13.4 Tests and examples enforce the list_notes contract

Integration coverage in tests/integration/test_list_notes.py asserts the contract: - Default call uses the book scope, excludes files outside it, and sorts paths lexicographically. - Paging and filtering preserve total, keep offsets stable after sort, and prove substring queries work. - Scope traversal like ../secret raises ValueError; paths in responses are vault-relative POSIX with no drive prefixes.

The walkthrough examples/walkthrough/07_list_notes.py seeds a temp vault, runs list_notes, and prints the JSON response, providing an executable demo aligned with the spec.

13.5 Inventory-first listing reduces agent hallucination

list_notes grounds the agent in what actually exists before it speculates. The response carries real vault-relative paths, titles, ids (when present), and tags, so downstream reasoning can cite concrete artifacts instead of inventing notes. Deterministic sort and paging let the agent revisit slices without drift, keeping deliberation reproducible. Using the default book scope biases exploration toward curated material while still allowing scoped overrides. Coupled with search_notes, the agent can pivot from inventory to relevance without hallucinating structure or filenames.
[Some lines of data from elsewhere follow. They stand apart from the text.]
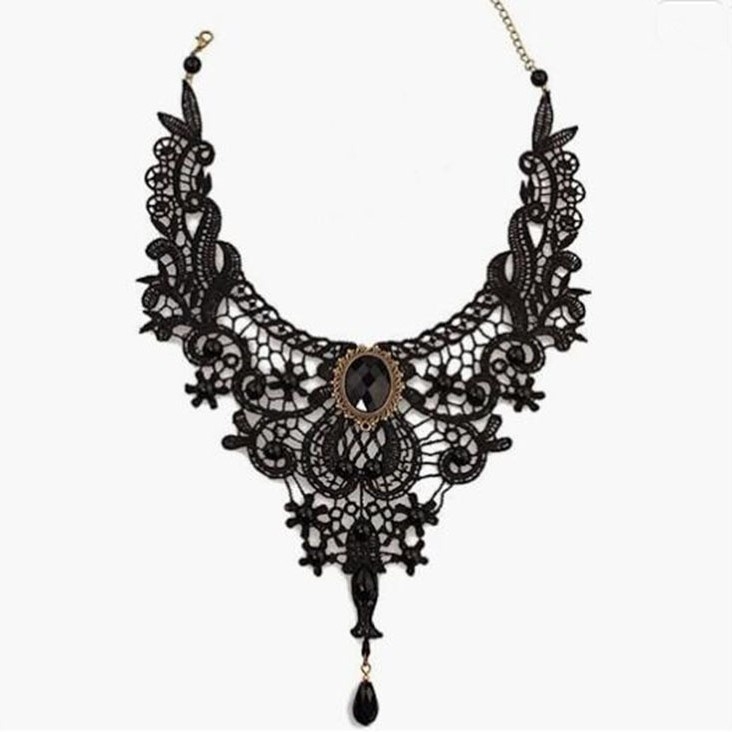 Gotički čipkasti choker ogrlica, tkanina, ručno izrađena, višeslojna, opseg 51–80 cm
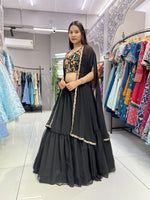 Thumbnail for Malishka Export Georgette With Embroidery Black Lehenga Choli Set With Shrug - Black - Distacart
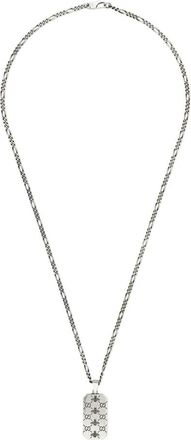 Gucci Ketting met label in sterling zilver met bij en Double G motief - Dames - Kettingen - Grijs - ONE Size - Accessoires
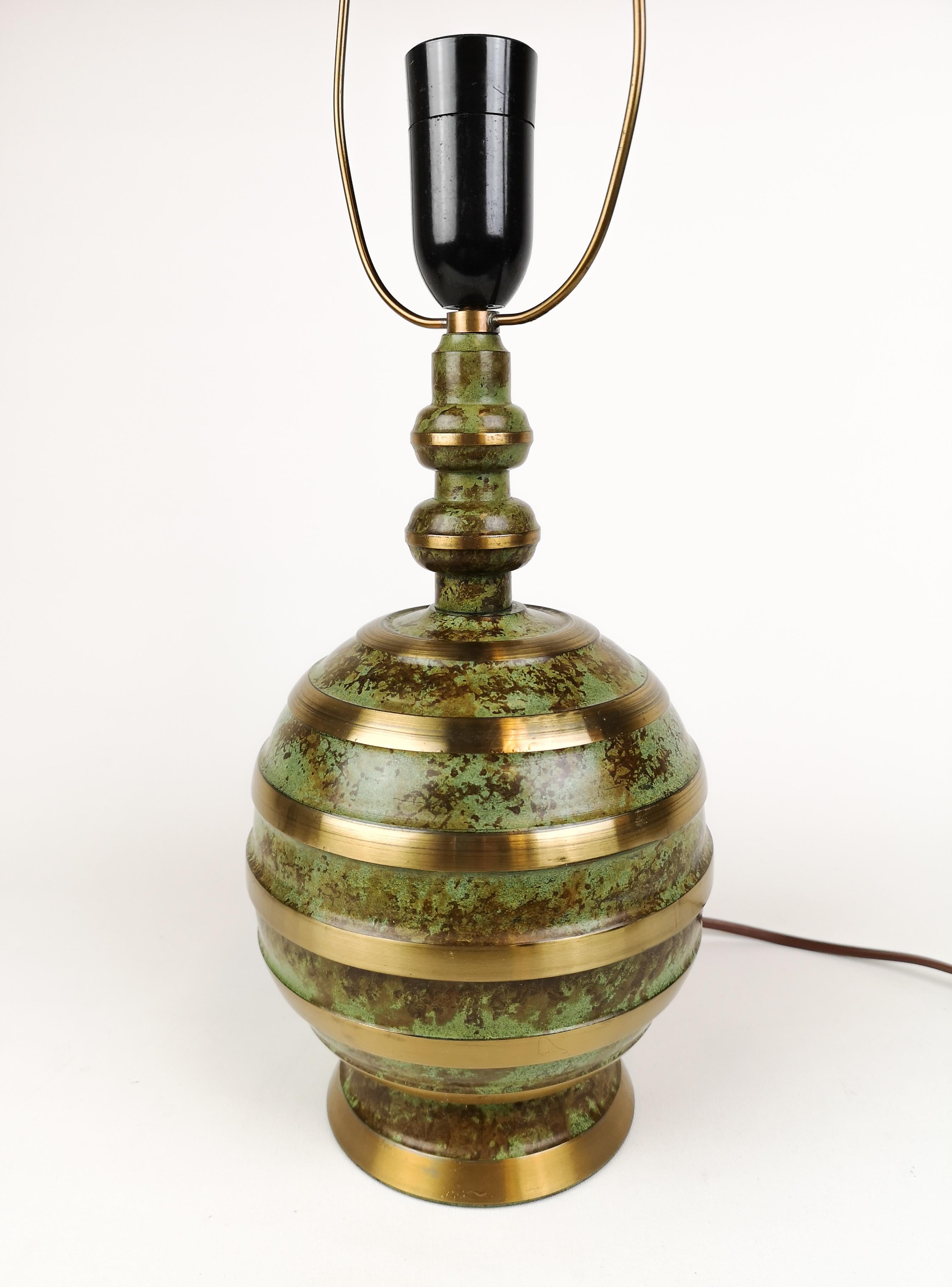 Swedish Art Deco Table Lamp in Bronze and Brass In Good Condition In Hillringsberg, SE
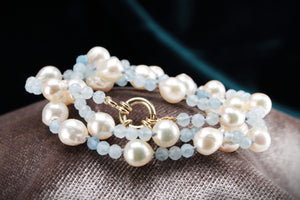 BESPOKE PEARL & AQUAMARINE NECKLACE 9ct GOLD
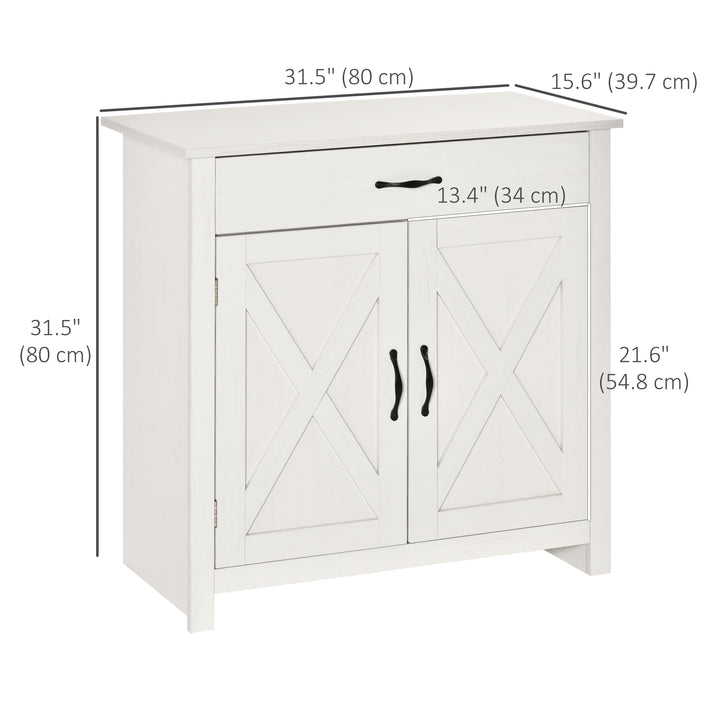 HOMCOM Farmhouse Sideboard Buffet Cabinet, Storage Cabinet with Barn Doors, Distressed Brown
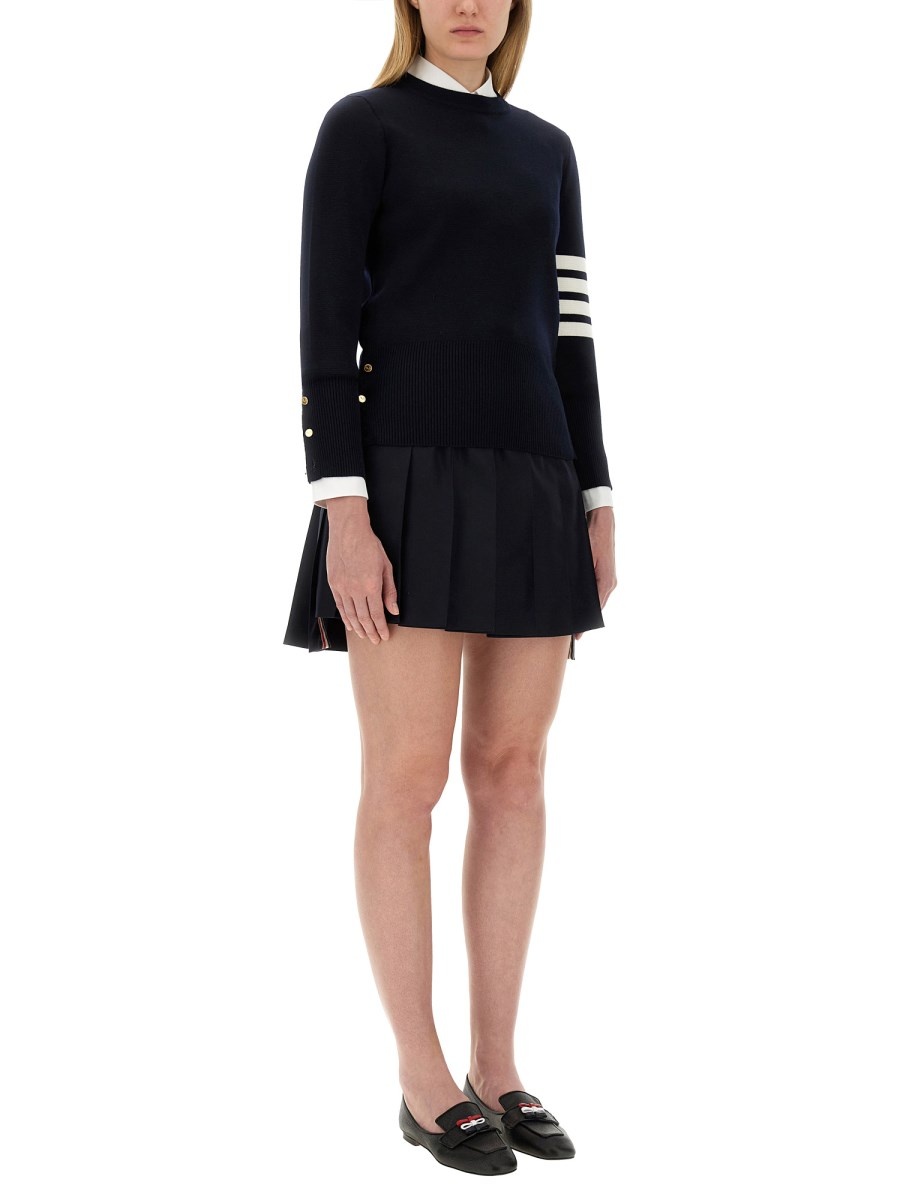 COTTON MILANO STITCH SWEATER WITH 4 BARS - 2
13.6 Listing as a foundation for navigation patterns

Because results include path, title, id, mtime, and tags, list_notes can feed MoCs, tag indexes, and timeline views without another crawl. POSIX vault-relative paths drop directly into wikilinks or JSON outputs used by downstream compilers. Stable sort options (path, title, mtime) let agents build reproducible navigation structures. Tag-conjunctive filtering is already MoC-friendly: a MoC can request specific tags to generate focused tables of contents. As new navigation surfaces emerge, this tool supplies the canonical, scope-bounded inventory to populate them.
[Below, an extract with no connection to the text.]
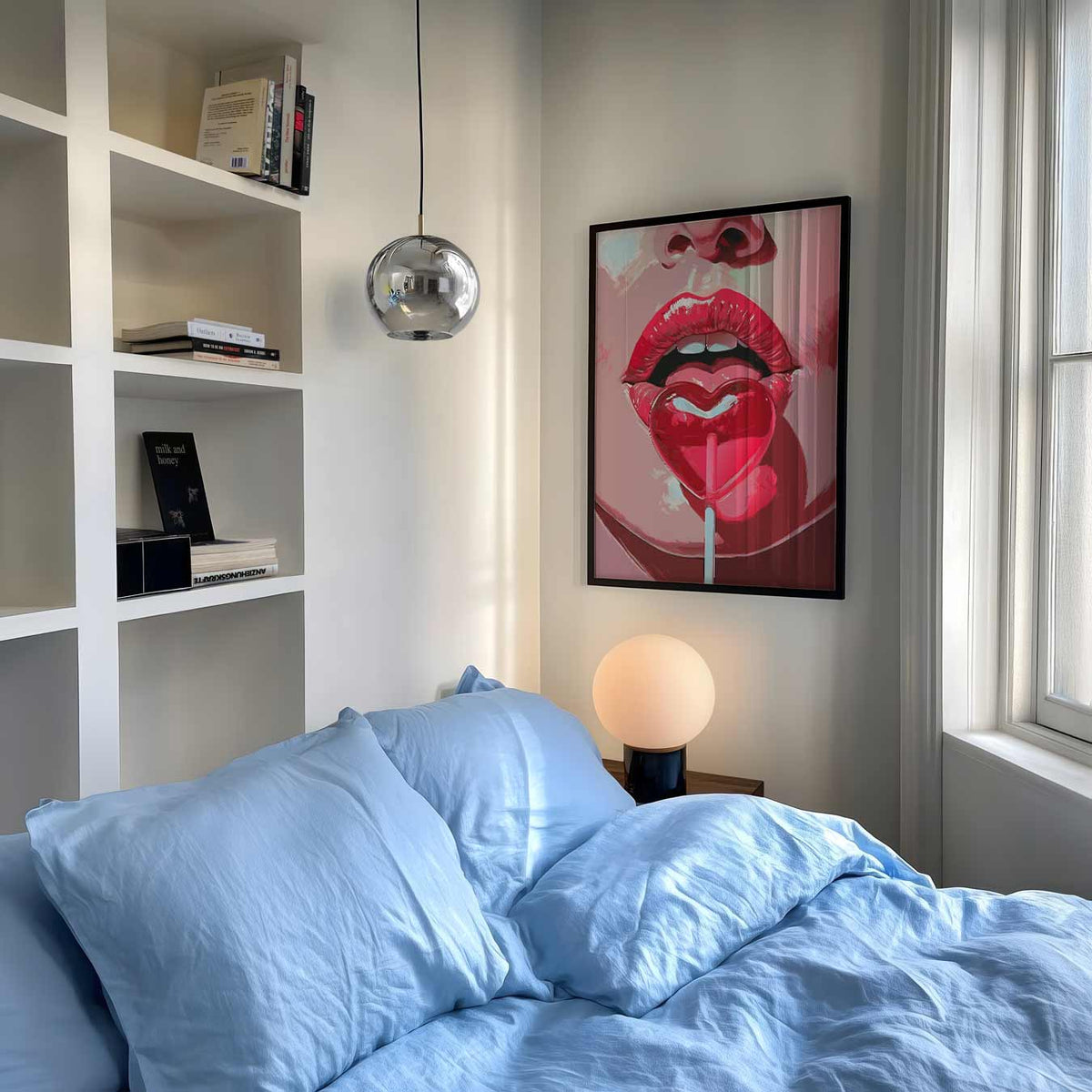 Lippen met Hartvormige Lolly – zomer poster als frisse staande wanddecoratie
14 Pattern: Journaling & Agent Memory (No New Tool)

14.1 Append-Only as the Agent Memory Primitive

Append-only journaling is the safest memory substrate for agents because it: - preserves chronological trace without accidental rewrites (aligns with D004/D005). - keeps diffs auditable and reversible; every entry is an additive fact. - removes locking and race complexity common in in-place edits. - works with existing tools (append_to_note on top of a created note) so no new surface area is needed.
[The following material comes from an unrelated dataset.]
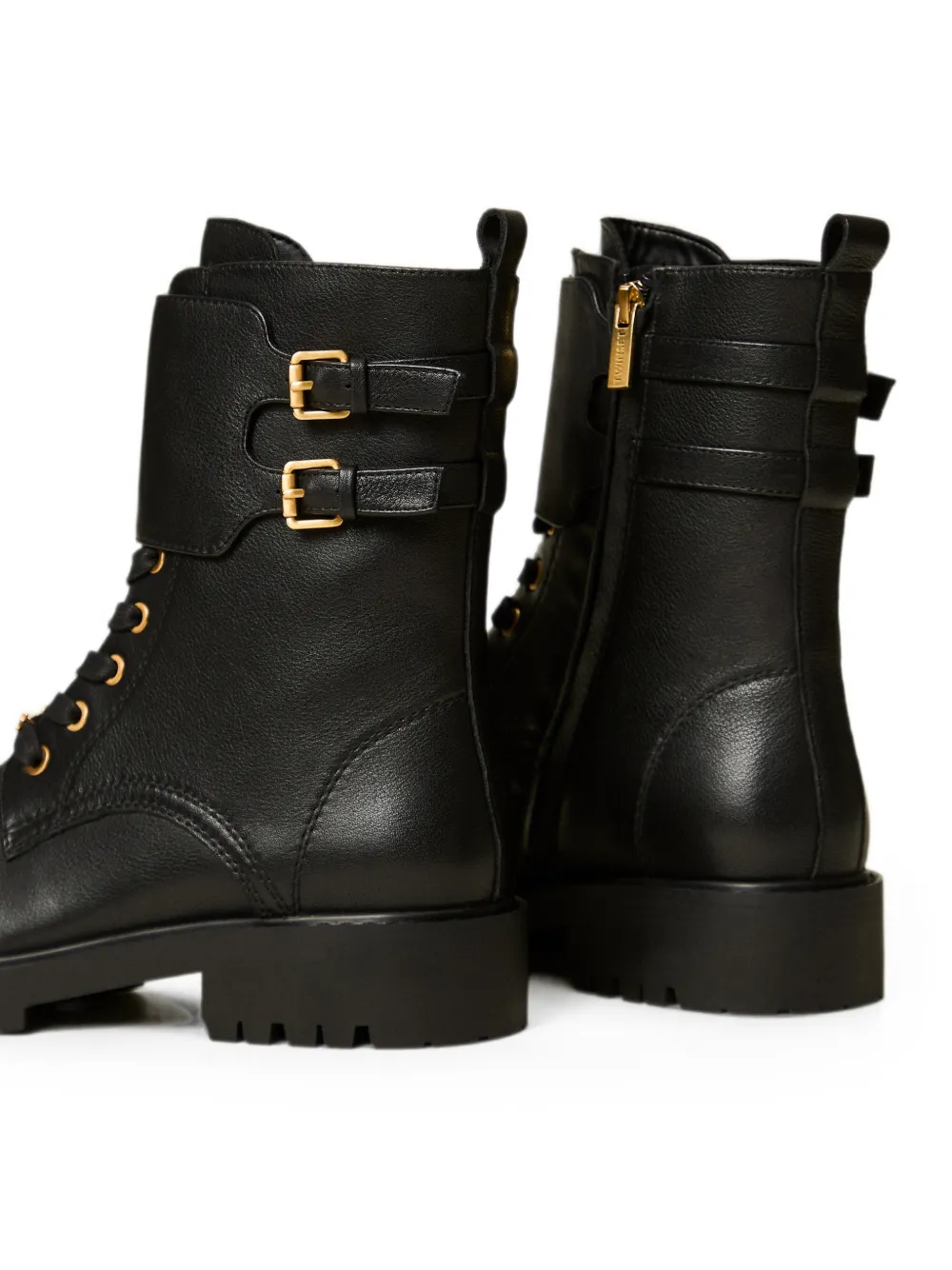 TWINSET leather combat boots with straps Zwart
This pattern treats each journal entry as an immutable breadcrumb, enabling replay, debugging, and alignment checks over long sessions.

14.2 Daily Note Naming and Location

Convention for journaling within the D011 fence (Book Zettel/MCP with DSPy Theory and Application/): - Title format: Journal YYYY-MM-DD (sanitizes to Journal_YYYY-MM-DD.md), sortable and unambiguous. - All journal files live directly under the fence (no absolute paths; D012 keeps references vault-relative). - Reuse the same note for the day; all entries append to this file.

Rationale: - Predictable naming makes list_notes/search_notes cheap and targeted to a handful of candidates. - Staying inside the fence avoids accidental writes elsewhere in the vault.

14.3 Create-If-Missing and Append Safely

Operational recipe: 1) Probe for the daily note; if absent, call write_note(title=Journal YYYY-MM-DD) to create it. Default overwrite=false enforces D004/D005. 2) Add entries with append_to_note(note_id=Journal_YYYY-MM-DD); do not flip overwrite=true unless rerunning an idempotent migration. 3) Keep entries timestamped inside the body so the audit trail is visible when reading.

Why this matters: - Separates creation from mutation, reducing blast radius when a creation step is retried. - Aligns with append-only intent while still allowing explicit recovery paths when necessary.

14.4 Retrieval Patterns for Journals

Preferred retrieval flow: - list_notes(prefix="Journal_YYYY") to bound the candidate set for the year. - search_notes(query="Journal YYYY-MM-DD") when exact day lookup is needed. - read_note(note_id=Journal_YYYY-MM-DD) to load the body for review or summarization.

Notes: - Tool responses return vault-relative paths (D012), preserving portability. - Avoid globbing across the whole vault; scoped queries keep latency low and respect D011.

14.5 Journaling Anti-Patterns to Avoid

14.6 Preparing for append_journal_entry

The append-only loop can be wrapped later into append_journal_entry without altering behavior because: - Creation and appending are already separated; a wrapper can orchestrate write_note then append_to_note idempotently. - Naming is deterministic (Journal YYYY-MM-DD), so the wrapper can derive the target note without additional schema. - Retrieval remains unchanged; callers can still fall back to list_notes/search_notes/read_note if the wrapper is unavailable.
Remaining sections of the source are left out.